» **WHAT TO PRODUCE**
Please read the records below and return each line holding the string "brown".

Records from a dataset

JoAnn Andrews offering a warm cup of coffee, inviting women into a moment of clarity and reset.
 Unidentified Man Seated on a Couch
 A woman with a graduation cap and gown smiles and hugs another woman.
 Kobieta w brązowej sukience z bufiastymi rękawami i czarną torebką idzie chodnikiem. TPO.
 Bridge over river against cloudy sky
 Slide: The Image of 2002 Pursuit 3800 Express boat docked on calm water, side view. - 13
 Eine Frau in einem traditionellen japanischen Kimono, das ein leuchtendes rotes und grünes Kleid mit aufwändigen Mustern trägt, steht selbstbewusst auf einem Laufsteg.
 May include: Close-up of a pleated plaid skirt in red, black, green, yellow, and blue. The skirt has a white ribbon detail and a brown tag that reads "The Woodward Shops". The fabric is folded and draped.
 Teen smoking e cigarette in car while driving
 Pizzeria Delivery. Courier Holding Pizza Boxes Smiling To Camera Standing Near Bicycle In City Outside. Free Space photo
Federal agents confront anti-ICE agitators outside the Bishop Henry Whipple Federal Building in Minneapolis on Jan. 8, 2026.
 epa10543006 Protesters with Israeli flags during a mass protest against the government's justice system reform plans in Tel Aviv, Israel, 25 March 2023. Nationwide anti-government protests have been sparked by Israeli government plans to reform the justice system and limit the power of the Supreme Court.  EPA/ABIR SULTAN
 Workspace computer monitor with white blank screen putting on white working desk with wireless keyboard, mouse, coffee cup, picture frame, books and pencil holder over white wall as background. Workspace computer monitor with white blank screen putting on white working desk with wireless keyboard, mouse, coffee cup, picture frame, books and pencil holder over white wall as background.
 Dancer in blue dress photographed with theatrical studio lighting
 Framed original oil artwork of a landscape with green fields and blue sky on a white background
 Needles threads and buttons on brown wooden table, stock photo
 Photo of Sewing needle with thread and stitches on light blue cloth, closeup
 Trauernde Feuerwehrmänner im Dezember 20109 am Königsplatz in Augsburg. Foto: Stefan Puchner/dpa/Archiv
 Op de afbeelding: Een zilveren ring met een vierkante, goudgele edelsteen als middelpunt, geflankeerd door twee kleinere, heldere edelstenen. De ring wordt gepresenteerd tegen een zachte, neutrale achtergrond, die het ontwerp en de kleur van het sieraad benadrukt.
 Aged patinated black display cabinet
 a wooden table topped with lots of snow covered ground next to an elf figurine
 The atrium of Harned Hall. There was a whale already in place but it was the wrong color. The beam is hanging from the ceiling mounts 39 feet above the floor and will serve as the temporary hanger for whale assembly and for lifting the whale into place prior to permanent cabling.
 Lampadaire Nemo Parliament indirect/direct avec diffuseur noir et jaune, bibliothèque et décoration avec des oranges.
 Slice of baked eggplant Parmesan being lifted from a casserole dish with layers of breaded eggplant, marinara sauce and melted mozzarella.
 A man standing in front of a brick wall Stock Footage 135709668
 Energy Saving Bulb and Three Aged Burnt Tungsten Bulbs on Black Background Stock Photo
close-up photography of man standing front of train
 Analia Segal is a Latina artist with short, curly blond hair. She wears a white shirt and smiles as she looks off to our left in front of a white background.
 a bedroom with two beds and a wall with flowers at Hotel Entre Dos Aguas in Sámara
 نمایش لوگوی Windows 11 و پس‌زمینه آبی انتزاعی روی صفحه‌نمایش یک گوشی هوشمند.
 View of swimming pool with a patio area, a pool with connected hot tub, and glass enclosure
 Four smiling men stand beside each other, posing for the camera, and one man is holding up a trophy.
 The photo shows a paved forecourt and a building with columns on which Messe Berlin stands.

» **PROBLEM SOLUTION**
 May include: Close-up of a pleated plaid skirt in red, black, green, yellow, and blue. The skirt has a white ribbon detail and a brown tag that reads "The Woodward Shops". The fabric is folded and draped.
 Needles threads and buttons on brown wooden table, stock photo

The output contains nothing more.